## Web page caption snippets
--- START ---

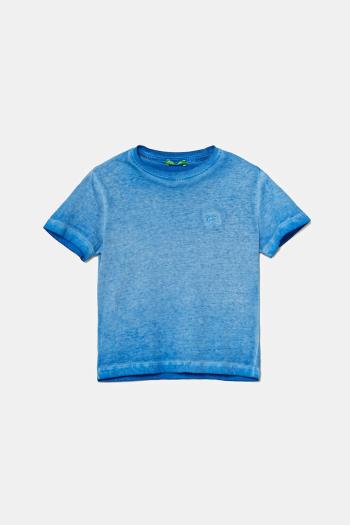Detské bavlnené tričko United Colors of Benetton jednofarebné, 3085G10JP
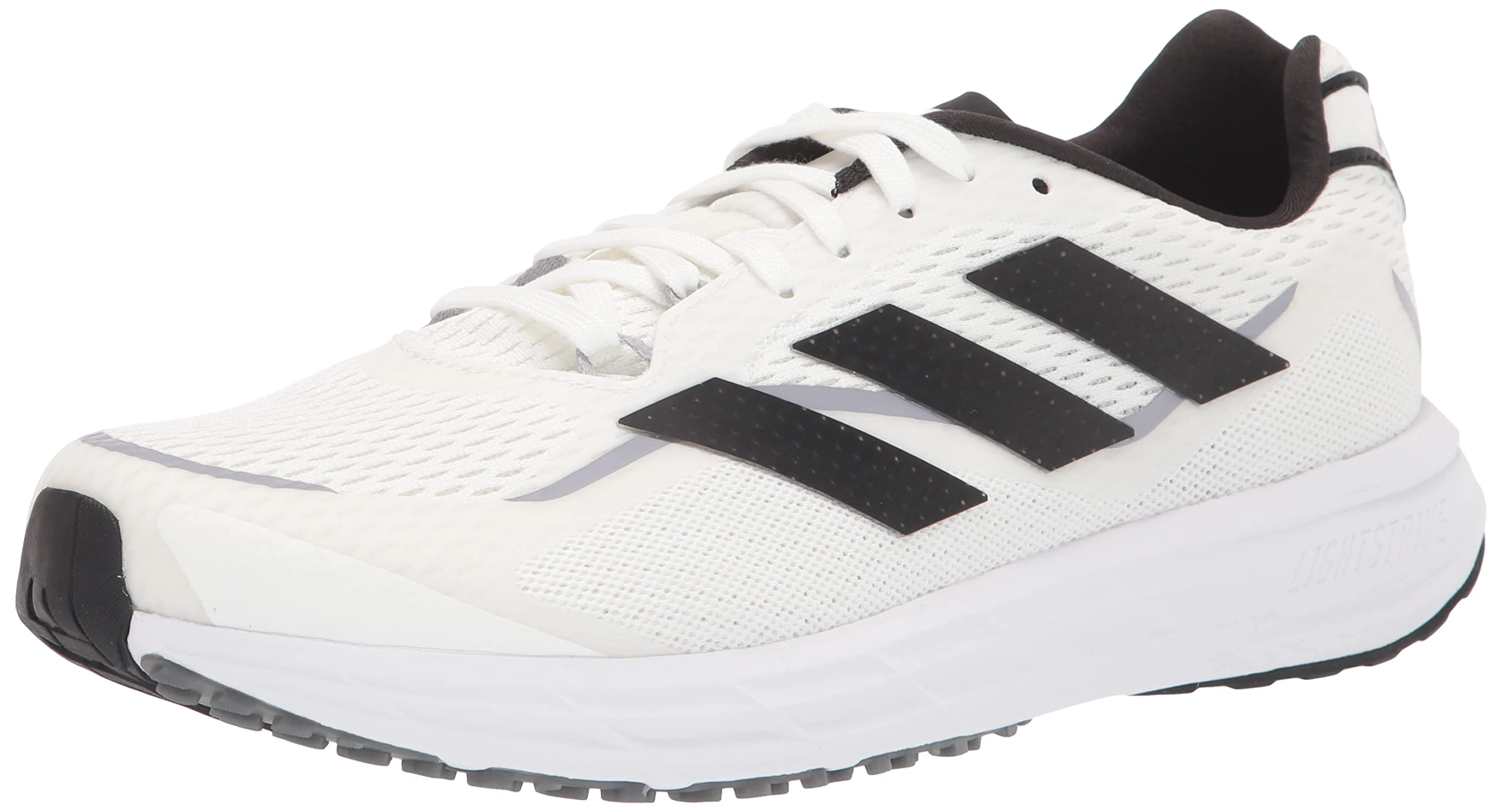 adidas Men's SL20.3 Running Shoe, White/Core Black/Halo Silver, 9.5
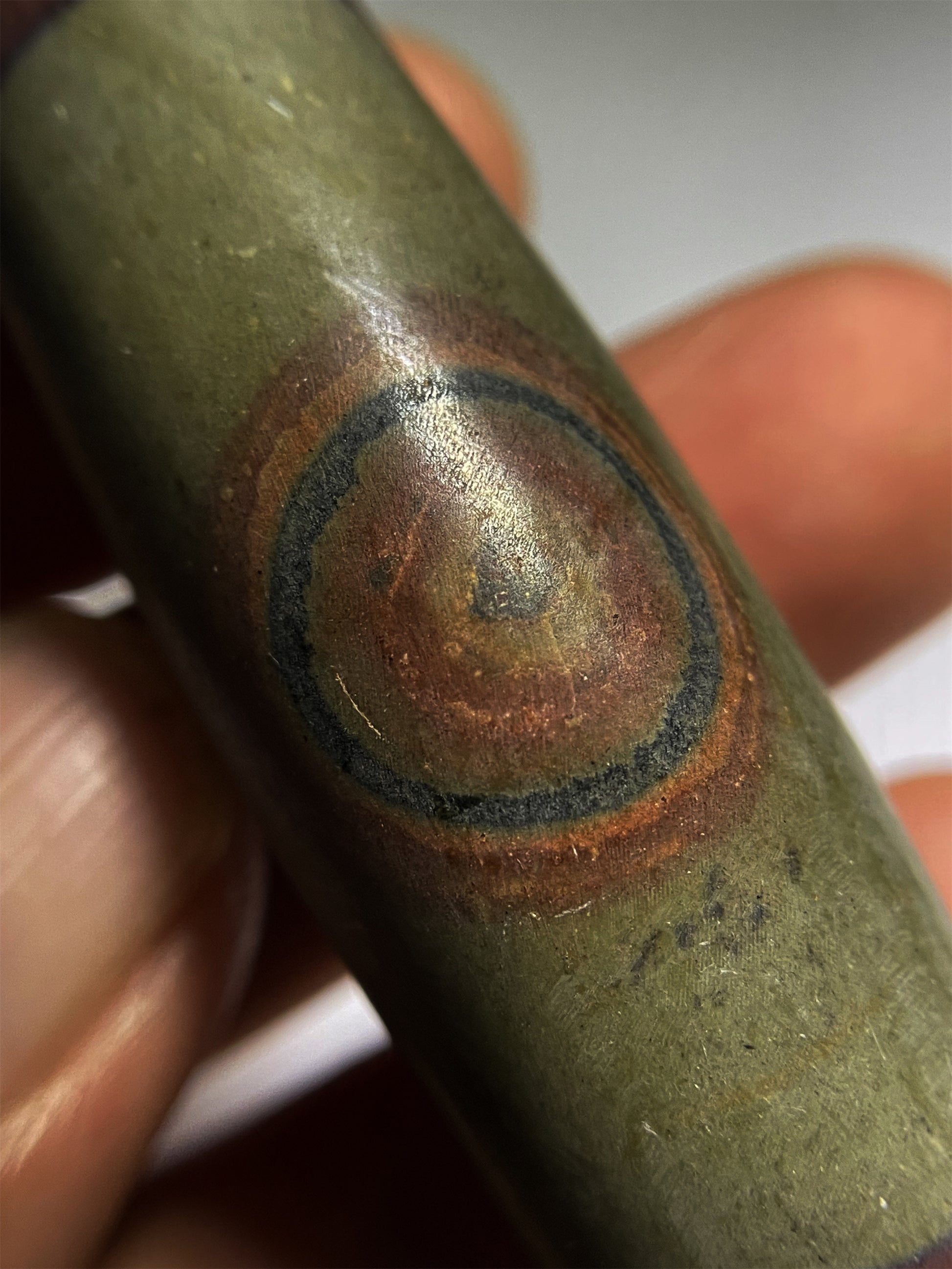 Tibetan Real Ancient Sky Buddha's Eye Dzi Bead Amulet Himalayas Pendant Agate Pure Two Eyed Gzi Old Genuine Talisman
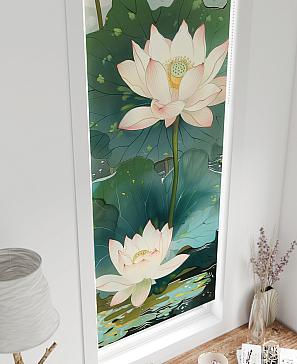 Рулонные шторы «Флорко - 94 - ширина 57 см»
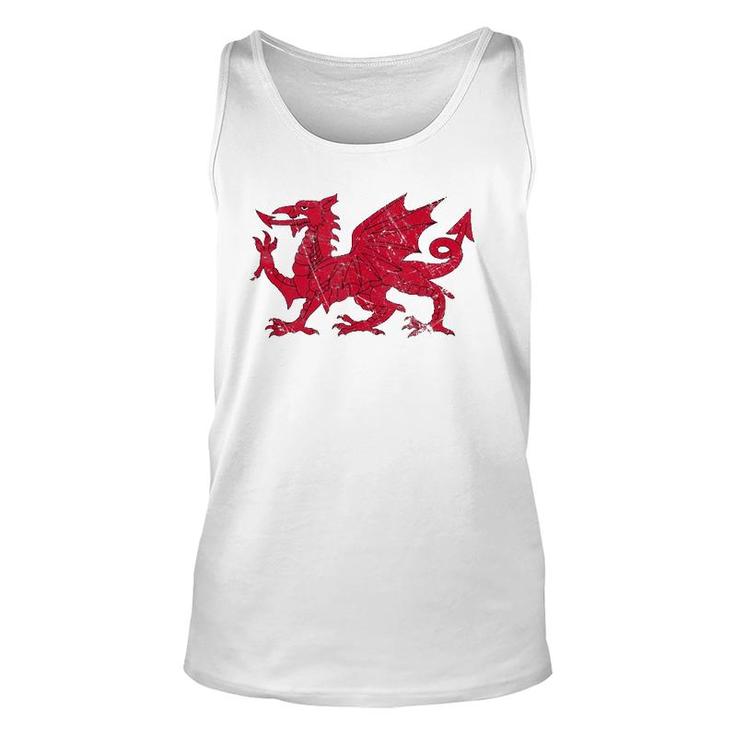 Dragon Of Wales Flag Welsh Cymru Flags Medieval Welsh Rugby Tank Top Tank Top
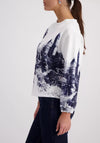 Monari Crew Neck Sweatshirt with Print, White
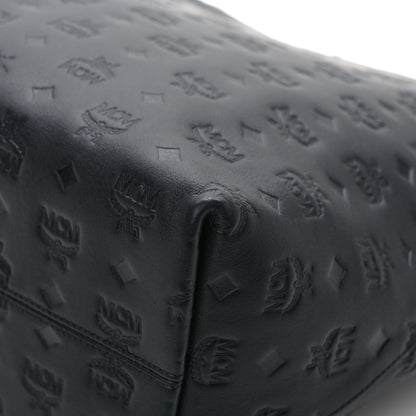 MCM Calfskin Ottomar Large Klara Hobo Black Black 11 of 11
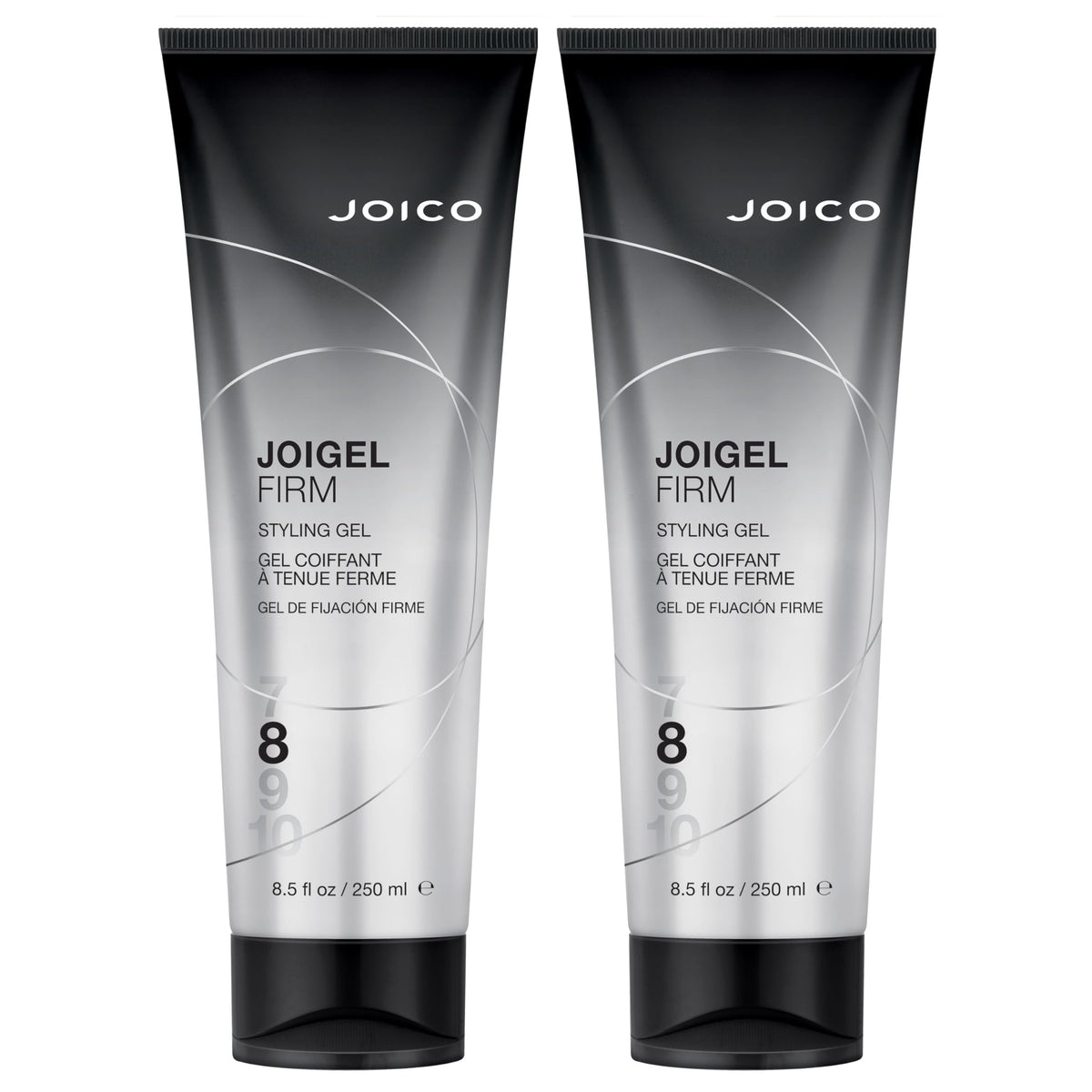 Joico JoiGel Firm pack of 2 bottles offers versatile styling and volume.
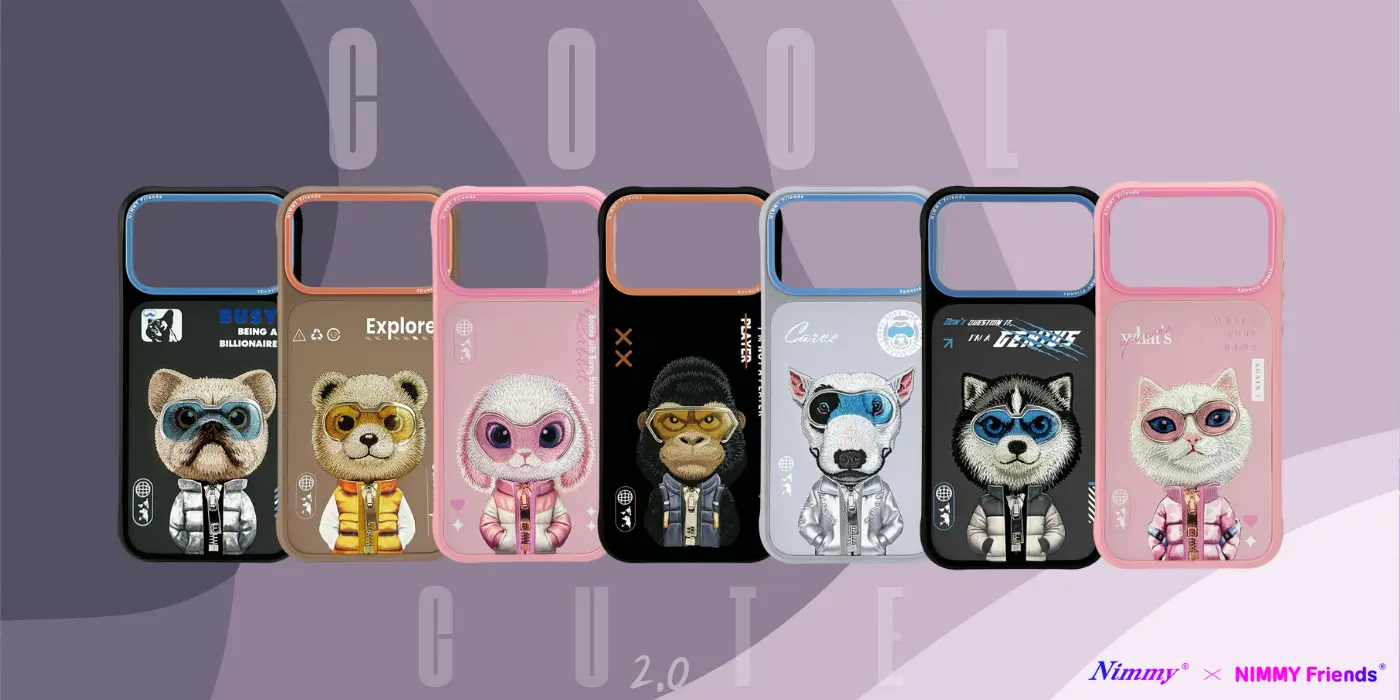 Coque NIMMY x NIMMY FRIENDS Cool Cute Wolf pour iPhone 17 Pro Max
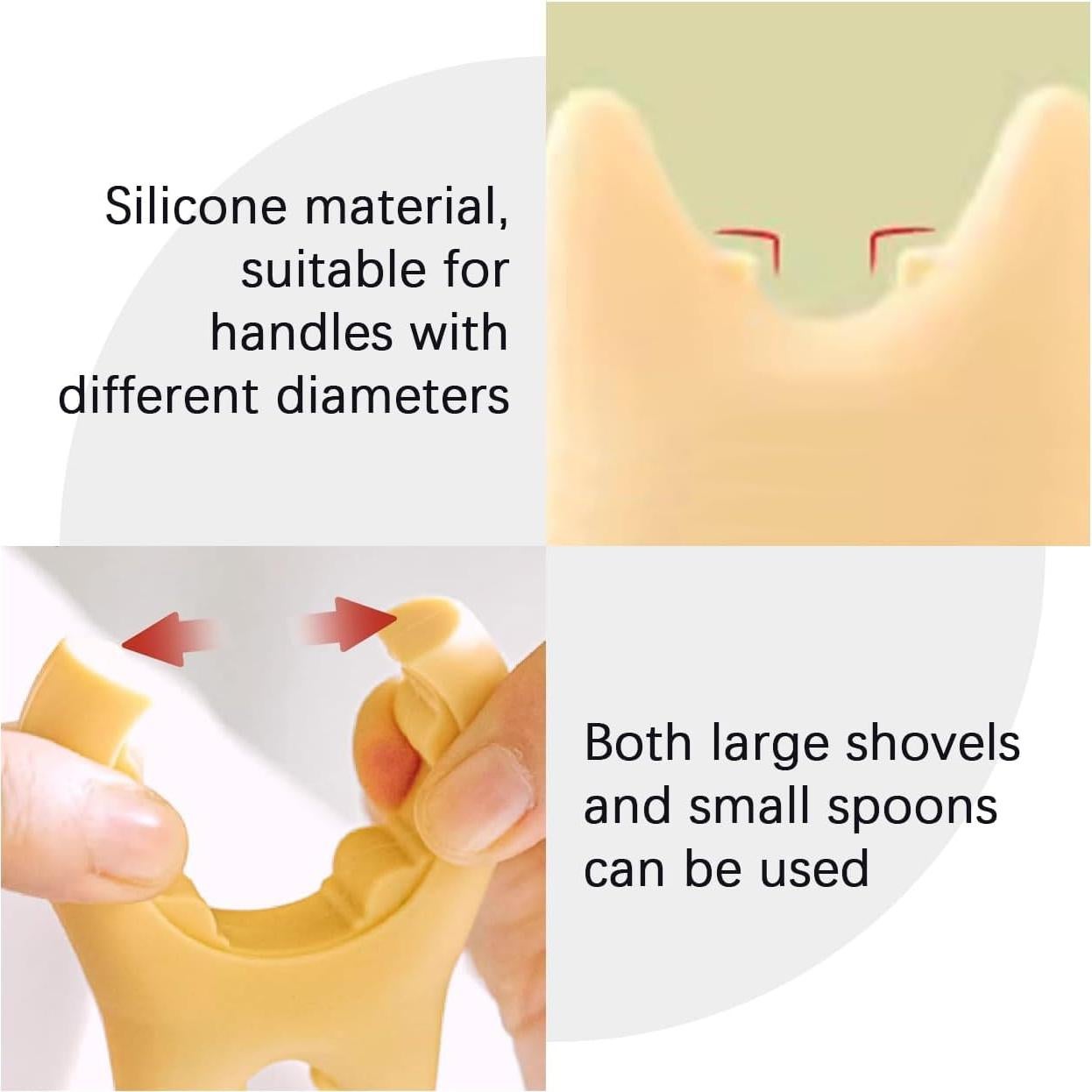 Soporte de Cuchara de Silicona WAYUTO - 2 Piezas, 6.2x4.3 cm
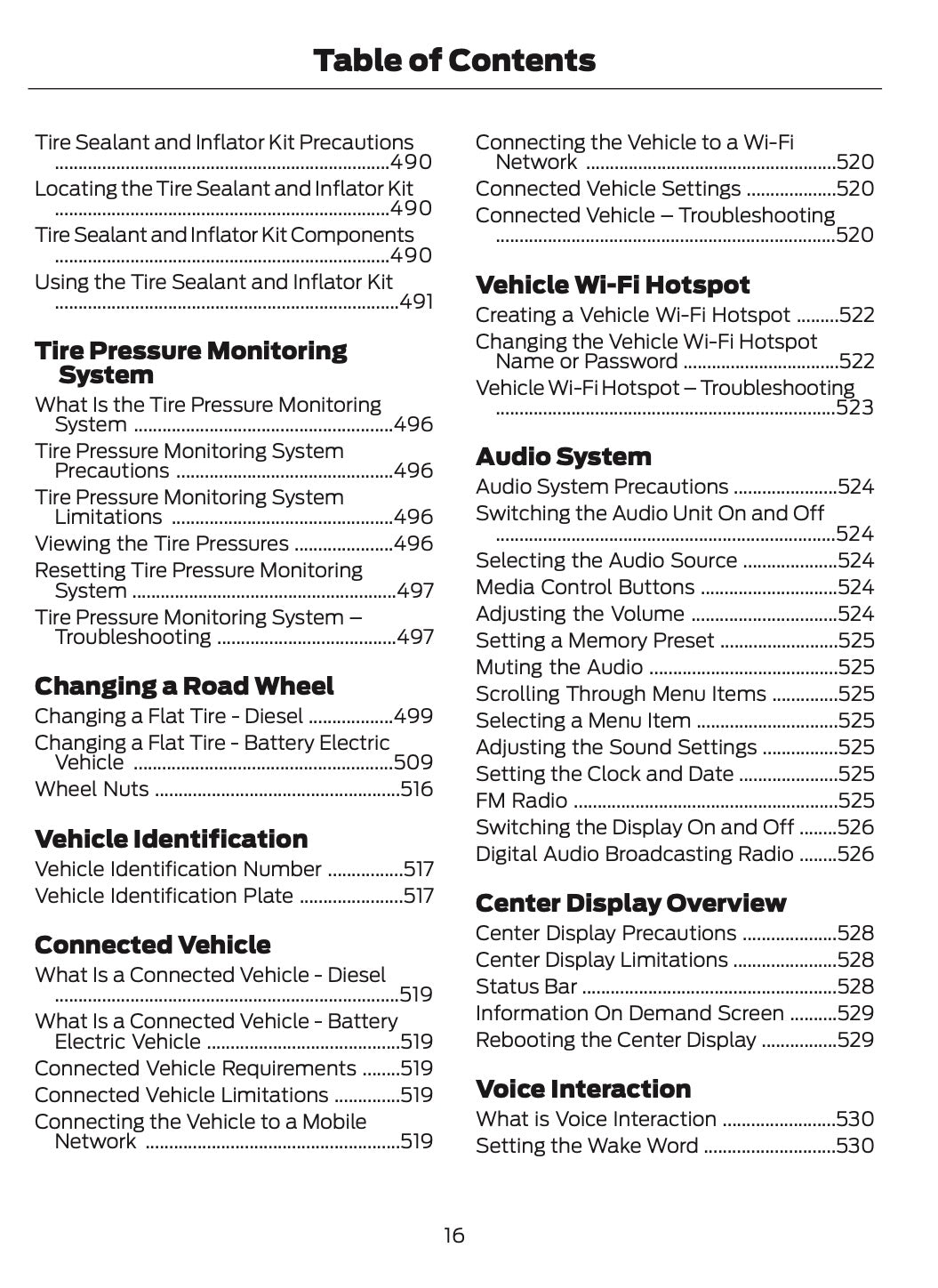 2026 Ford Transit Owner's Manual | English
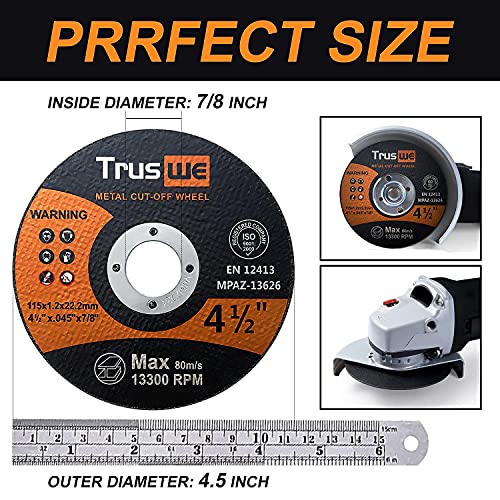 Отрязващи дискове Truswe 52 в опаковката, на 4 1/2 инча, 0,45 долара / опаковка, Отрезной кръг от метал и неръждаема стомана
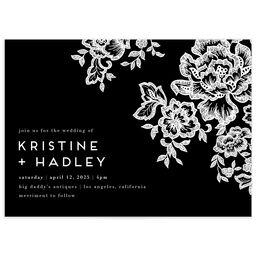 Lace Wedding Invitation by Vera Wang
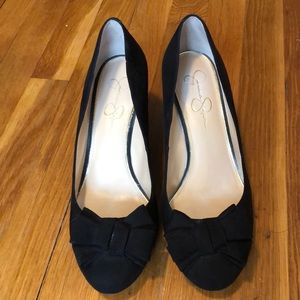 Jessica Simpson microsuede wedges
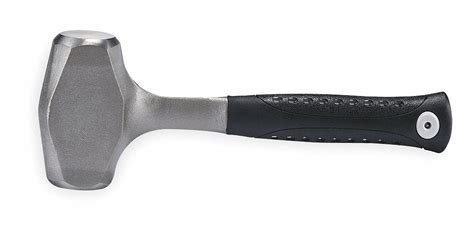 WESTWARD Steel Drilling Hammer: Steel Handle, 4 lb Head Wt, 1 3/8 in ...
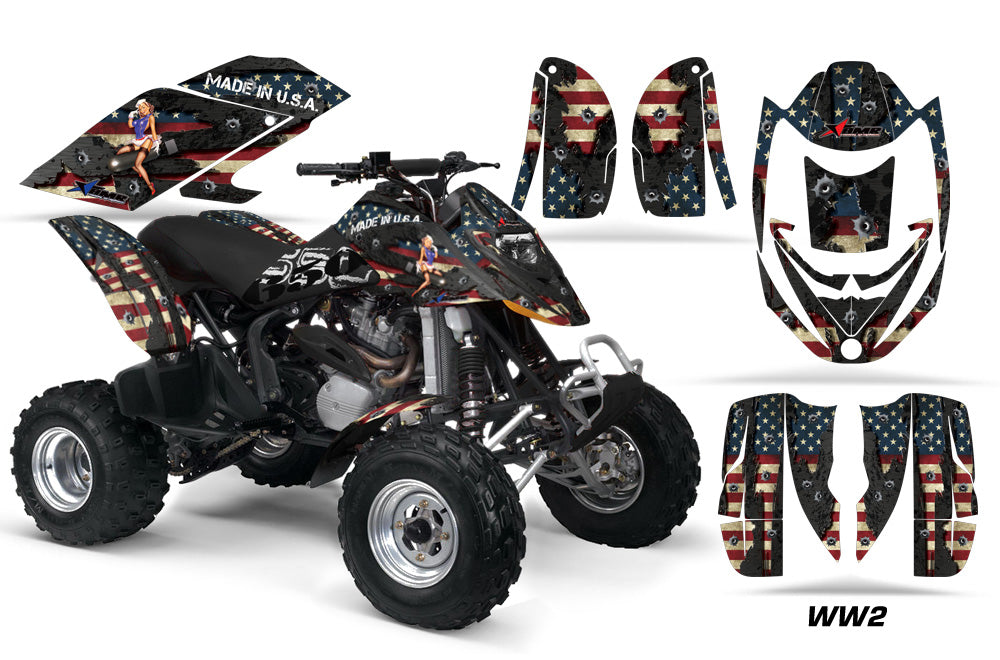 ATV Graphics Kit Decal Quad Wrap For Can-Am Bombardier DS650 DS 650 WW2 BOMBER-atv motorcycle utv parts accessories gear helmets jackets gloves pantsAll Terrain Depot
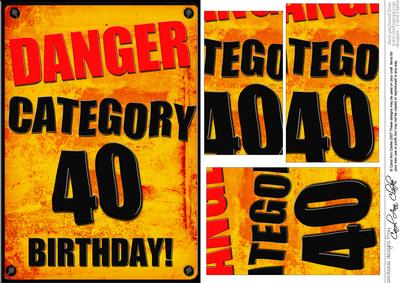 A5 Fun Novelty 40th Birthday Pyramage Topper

--- END ---

## EXERCISE
Output only the stretch above from the line with "2026 Ford Transit Owner's Manual | English" through the line with "Jessica Simpson microsuede wedges", reproduced exactly. Exclude pictures.

## RESULT OF THIS EXERCISE
 2026 Ford Transit Owner's Manual | English
 Отрязващи дискове Truswe 52 в опаковката, на 4 1/2 инча, 0,45 долара / опаковка, Отрезной кръг от метал и неръждаема стомана
 Lace Wedding Invitation by Vera Wang
 Jessica Simpson microsuede wedges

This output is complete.